The bacteria described as succinate producers require the neutralization of the fermentation broth to cope with the pH needs of these organisms. The cost associated with the neutralization and consequent requirements in downstream processing for product purification increased the interest of developing cell factories capable of efficient fermentation at low pH. Several fungi can produce organic acids under aerobic conditions, tolerating low pH (Yang et al. 2016). BioAmber, at the scale up phase to commercial, realized that the applied E. coli was too sensitive to pH in the fermentation process. Therefore, the pathway for succinate production was re-engineered in the yeast Pichia kudriavzevii, which was able to produce succinic acid at a much lower pH than previously used E. coli (Alonso et al. 2015). S. cerevisiae, as robust and important industrial microorganism, tolerant of low pH values (3.0–6.0) and able to perform anaerobic fermentation, was also considered a suitable chassis for succinic acid production. The Reverdia technology, based on recombinant S. cerevisiae developed by DSM, is combining the reductive pathway with the glyoxylate shunt for maximal succinate yield. Moreover, it is also able to operate at low pH, thus less prone to contamination and requiring less chemical processing, equipment, and energy to convert intermediate salts into succinic acid (Nghiem et al. 2017).
5 Others
5.1 Biosurfactants
Surfactants are capable of reducing the surface tension and interfacial tension between individual molecule at the surface and interface. Surfactants are widely used in household detergents, industrial and agricultural chemicals (e.g., dispersants), personal care and cosmetics, pharmaceuticals, food, oilfield chemicals, among others (Nitschke and Silva 2017; Vecino et al. 2017; Souza et al. 2014; Sachdev and Cameotra 2013). Traditional surfactants are based on petrochemical resources such as ethylene, benzene, kerosene, and n-paraffins. Biosurfactants are produced either by microorganisms or by (bio)chemical conversion of natural products and are seen as potential alternatives to synthetic surfactants due to structural diversity, performance under different conditions and environmental performance (Scott and Jones 2000; Sajna et al. 2015). For some decades, the production of biosurfactants was limited to the use of vegetable oils, as coconut and palm oil, for the hydrophobic part of the molecule. Nevertheless, the production of these so-called first-generation biosurfactants still involves chemical synthesis. Microbial glycolipids (sophoro-, rhamno-, and mannosylerythritol lipids) (Fig. 8) are among the most promising biosurfactants for commercialization due to their technical performance, potential large-scale production through fermentation and recovery as extracellular products. These second-generation biosurfactants were only applied in niche markets until very recently (Brumano et al. 2016). Topics like sustainability and the use of bio-based home care products are getting more popular with consumers and the effect of Green Premium (the willingness of consumers to pay an additional price for “green materials”) is expected to get more pronounced, not only in developed countries but also in the emerging regions. Also, the production costs are expected to decrease as a result of technological developments. The surfactant market is extremely big with a worldwide annual production of over 13 Mt/y expecting a CAGR (compound annual growth rate) of 5.53% during the forecast period (2018–2023) (Mordor Intelligence 2018). This demands a big input of often petrochemical resources and moreover represents a tremendous ecological load considering the large fraction used in household cleaners (over 50% of total use of surfactants) which end up in wastewater and/or directly in the environment.

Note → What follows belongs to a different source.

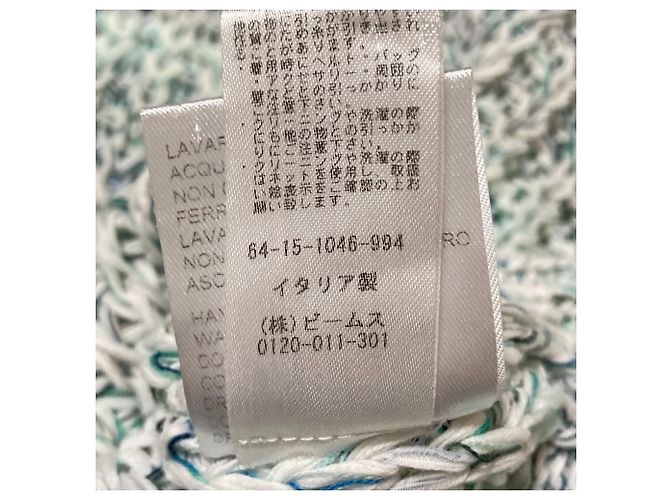 Autre Marque Pull-over en maille mélangée Roberto Collina Blanc Bleu Vert - vue 8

Structure and variants of (a) sophorolipids (SL), (b) mannosylerythritol lipids (MEL), and (c) rhamnolipids (RL) (OR1 and OR2 represent positions for acetylation)

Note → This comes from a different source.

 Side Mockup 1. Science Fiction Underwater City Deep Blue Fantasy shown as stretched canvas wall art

Europe has taken lead in bio-based surfactant consumption and is expected to remain market leader and to enjoy 53.3% of global biosurfactants market revenue share in 2018 (Report of Transparency Market Research 2011). Owing to environmental concerns, this market is expected to grow at a promising rate in Europe in coming years. The glycolipid biosurfactants provide significant opportunities to replace chemical surfactants as sustainable alternatives, in some cases with new functionalities. Sophorolipids are mainly used in household detergents across the globe, with producers, distributers, and applicants such as Soleance (France), Ecover (Belgium), Saraya (Japan), Intobio (Korea), SyntheZyme (USA), and multinationals such as Henkel (Roelants et al. 2016). Mannosylerythritol lipids (MELs) are mainly produced and commercialized in Asia, by Toyobo (Japan) and Biotopia (South Korea), in cosmetics (Morita et al. 2015). Although the sustainability of both first as second-generation biosurfactants was expected to outperform synthetic surfactants based on fossil resources, the impact of their production is still high, mainly due to the use of vegetable oils in their production, either directly in chemical synthesis or as substrate for microbial biosynthesis.

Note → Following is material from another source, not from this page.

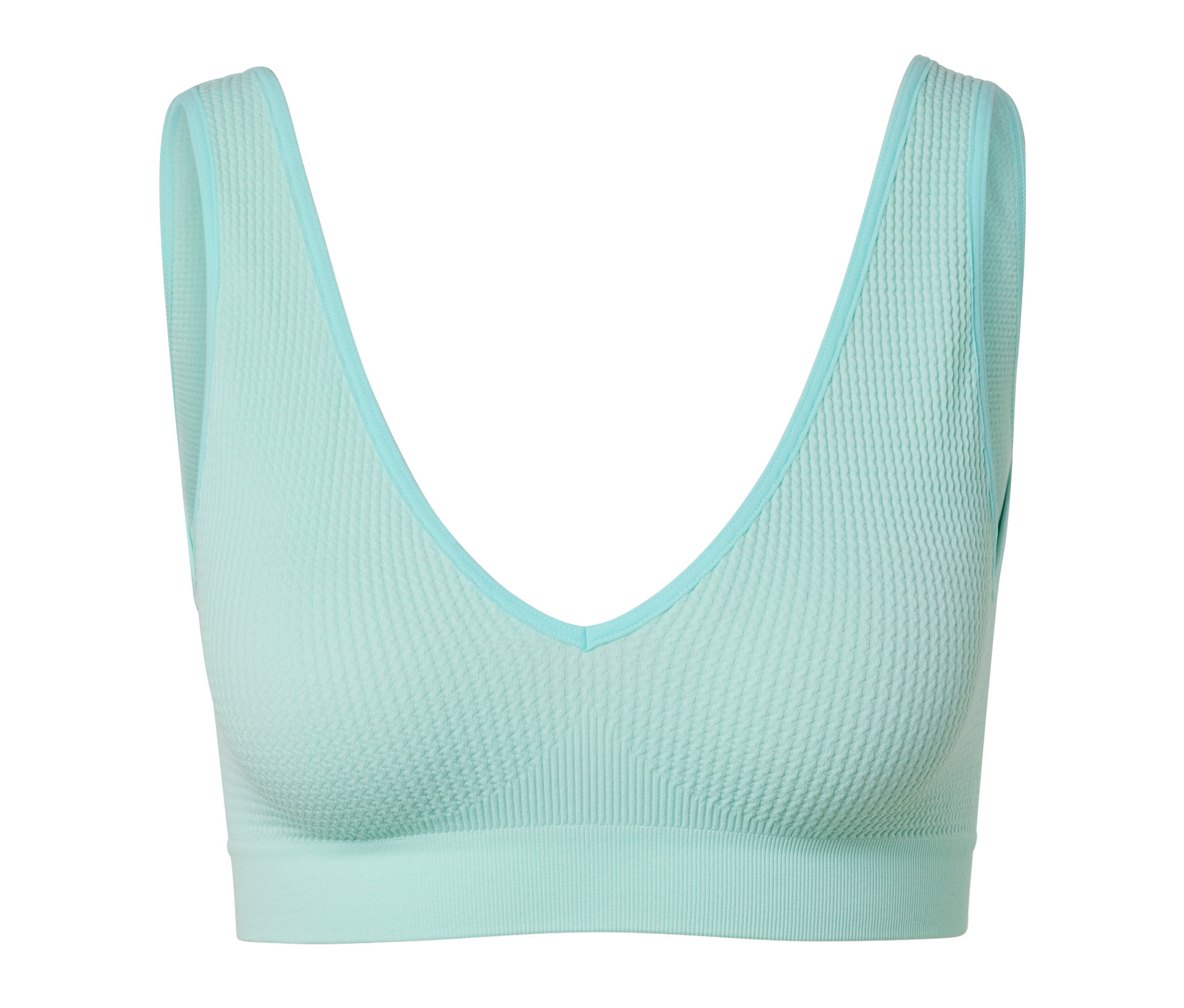 Seamless-BH mit Struktur - Damen - Gr. L - blau - blau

Sophorolipids (SL) are composed of sophorose (a disaccharide of glucose units) as the hydrophilic moiety, usually mono-acylated (typically with fatty acid of 18 carbons) on C-1′ and acetylated on C-6 and/or C-6′. The carboxylic group of fatty acid is either free (acidic or open form) or internally esterified (lactonic form), the later in monomeric or dimeric forms (Fig. 8a). The pathway for SL biosynthesis is described in the yeast Starmerella bombicola and typically involves five or six steps: hydroxylation of oleic acid at ω − 1; assembly of a glucolipid by the reaction of the hydroxyl fatty acid with UDP-glucose; formation of the sophorose unit by reaction with another UDP-glucose; mono- or di-acetylation; secretion of the acidic SL; formation of the lactone form in the extracellular space (Roelants et al. 2016). SL are efficiently secreted by S. bombicola when produced from vegetable oils, reaching titres of more than 400 g/L (Daniel et al. 1998; Roelants et al. 2013). The SL production from glucose reaches 20 g/L (Konishi et al. 2008). Metabolic engineering of S. bombicola led to novel and more effective sophorolipids structures (Roelants et al. 2013, 2016). The effective commercial production still relies on oleaginous feedstock, with high productivity obtained under a fed-batch process combining glucose and rapeseed oil (Baccile et al. 2017).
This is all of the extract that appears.